Lysander crept back. ‘Could I possibly have a shower? After all that sex and fear I must stink like a polecat.’
Upstairs he admired another vast four-poster, this time swathed in primrose-yellow silk and topped at its four corners by gilded cherubs, none of whom was protected by the Wall Street Journal.
‘Amazing room.’
‘It’s Franco’s, my husband’s,’ said Sherry, who was turning on the gold taps of a vast marble bath next door. ‘Help yourself.’
The doors of a fitted cupboard which took up a whole wall, and which had been lavishly handpainted with pale yellow and coral-pink roses, slid back to reveal hundreds of shirts. There were more scent bottles massed on the bathroom shelves than a duty-free shop. Franco also must have the snakiest of hips. Lysander had the greatest difficulty finding a pair of shorts he could zip up.
‘God, this is great! I haven’t eaten for forty-eight hours.’
Having downed three glasses of orange juice, Lysander was tucking into a
huge plate of bacon, eggs, tomatoes, mushrooms and hashbrowns, while Sherry filled yellow-and-white cups with very black coffee.
They were sitting beside a beautiful blue pool guarded by four big blue china dragons. White geraniums spilled over the faded terracotta pots and little waves gambolled idly on the pale sand below them. Above, the palm trees rattled in their diffident fashion.
Sherry had also showered and had swapped her black taffeta and her sapphires for a flamingo-pink sarong which left bare her almost too brown shoulders. Her still-wet, short blond hair was slicked back Rudolph Valentino style, but was softened by a pink hibiscus behind her left ear. There were crow’s feet round her warmly smiling eyes and the skin was beginning to crêpe on her breast bones and her arms, but she was in great shape and a terrific listener.
‘You can kiss goodbye to that job with Elmer,’ she said when Lysander had finished his account of the night’s escapades.

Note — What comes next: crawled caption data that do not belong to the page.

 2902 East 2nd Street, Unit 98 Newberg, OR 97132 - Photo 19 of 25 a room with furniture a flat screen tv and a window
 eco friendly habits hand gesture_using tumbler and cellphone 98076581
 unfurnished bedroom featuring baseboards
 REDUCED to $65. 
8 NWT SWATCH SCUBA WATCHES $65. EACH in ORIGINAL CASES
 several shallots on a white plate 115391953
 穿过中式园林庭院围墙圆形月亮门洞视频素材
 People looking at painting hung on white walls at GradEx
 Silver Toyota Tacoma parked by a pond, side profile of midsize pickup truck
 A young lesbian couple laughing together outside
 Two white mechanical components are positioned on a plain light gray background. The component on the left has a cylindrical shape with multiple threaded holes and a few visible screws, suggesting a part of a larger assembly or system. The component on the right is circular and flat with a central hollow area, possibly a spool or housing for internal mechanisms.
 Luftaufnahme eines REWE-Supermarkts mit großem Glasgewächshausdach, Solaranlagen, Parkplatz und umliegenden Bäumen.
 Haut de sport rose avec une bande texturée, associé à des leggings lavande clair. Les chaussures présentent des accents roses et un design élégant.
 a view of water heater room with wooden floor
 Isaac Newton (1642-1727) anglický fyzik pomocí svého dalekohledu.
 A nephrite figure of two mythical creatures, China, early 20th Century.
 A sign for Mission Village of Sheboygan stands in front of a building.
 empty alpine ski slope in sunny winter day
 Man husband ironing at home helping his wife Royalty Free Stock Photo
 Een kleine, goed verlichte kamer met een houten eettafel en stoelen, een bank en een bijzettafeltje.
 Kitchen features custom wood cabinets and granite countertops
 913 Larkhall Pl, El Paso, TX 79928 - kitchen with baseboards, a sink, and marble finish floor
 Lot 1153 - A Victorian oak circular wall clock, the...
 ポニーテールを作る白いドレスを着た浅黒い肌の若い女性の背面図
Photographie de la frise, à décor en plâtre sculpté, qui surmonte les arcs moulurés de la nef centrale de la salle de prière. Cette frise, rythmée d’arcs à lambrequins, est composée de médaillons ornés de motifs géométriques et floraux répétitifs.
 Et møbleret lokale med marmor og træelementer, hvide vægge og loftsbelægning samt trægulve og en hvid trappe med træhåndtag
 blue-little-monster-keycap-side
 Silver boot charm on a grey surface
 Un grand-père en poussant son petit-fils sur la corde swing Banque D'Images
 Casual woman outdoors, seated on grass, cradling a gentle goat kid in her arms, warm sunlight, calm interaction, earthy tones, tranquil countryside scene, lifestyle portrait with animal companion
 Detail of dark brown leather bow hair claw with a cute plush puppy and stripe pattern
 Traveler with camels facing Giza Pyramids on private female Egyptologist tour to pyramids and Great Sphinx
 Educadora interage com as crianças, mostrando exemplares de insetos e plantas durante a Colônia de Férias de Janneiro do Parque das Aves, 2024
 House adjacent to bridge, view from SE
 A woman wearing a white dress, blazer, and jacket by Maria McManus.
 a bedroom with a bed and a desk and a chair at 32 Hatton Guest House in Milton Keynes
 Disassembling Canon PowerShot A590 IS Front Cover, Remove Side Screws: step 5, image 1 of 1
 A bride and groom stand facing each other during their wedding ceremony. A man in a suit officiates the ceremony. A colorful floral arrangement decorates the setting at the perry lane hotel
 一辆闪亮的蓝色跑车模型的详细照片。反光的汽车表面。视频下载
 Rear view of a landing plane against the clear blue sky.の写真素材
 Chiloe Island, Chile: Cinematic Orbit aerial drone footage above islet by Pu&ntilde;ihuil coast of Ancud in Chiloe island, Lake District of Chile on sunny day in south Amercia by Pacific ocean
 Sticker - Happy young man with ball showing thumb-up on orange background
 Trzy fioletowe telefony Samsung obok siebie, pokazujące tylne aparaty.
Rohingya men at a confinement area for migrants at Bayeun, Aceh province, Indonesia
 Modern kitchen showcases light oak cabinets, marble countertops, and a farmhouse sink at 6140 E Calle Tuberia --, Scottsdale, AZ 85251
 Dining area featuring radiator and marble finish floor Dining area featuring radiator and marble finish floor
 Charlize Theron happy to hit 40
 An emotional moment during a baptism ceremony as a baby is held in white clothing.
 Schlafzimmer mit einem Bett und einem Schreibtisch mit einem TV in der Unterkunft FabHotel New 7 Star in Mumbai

‘I wouldn’t mind if I hadn’t got Jack, Arthur and Tiny to support,’ sighed Lysander as he spread black-cherry jam on a croissant.
‘You’ve got three kids?’
‘Jack’s my Jack Russell.’
‘Original name.’
The irony was lost on Lysander.
‘Arthur’s my horse. He’s a steeplechaser. He won a lot of races but he’s having a year off with leg trouble. I’m hoping to ride him next season. He’s such a character. Tiny’s a shetland. She’s Arthur’s stable-mate.’
‘They must miss you.’ Sherry edged nearer Lysander.
‘Not as much as I miss them. I’ve got another job to go to,’ he went on gloomily, ‘with Ballensteins, the merchant bank, but that doesn’t start till the first of March. Playing polo for Elmer would have paid off my overdraft and a few bills — and I wanted a suntan to wow the Ballenstein typing pool on the first day.’
‘You’ll wow them anyway,’ murmured Sherry. The boy was positively edible. ‘At least you can get brown round the pool today.’
‘I won’t be in the way?’
‘Have you looked in the mirror recently? But you mustn’t burn.’
The climbing sun had already given a pink glow to his white shoulders. Surreptitiously he undid the top button of Franco’s shorts; they’d castrate him in a minute. Having cleared away breakfast the maid returned with bottles of champagne and Ambre Solaire. Sherry patted the blue-and-white pool-lounger.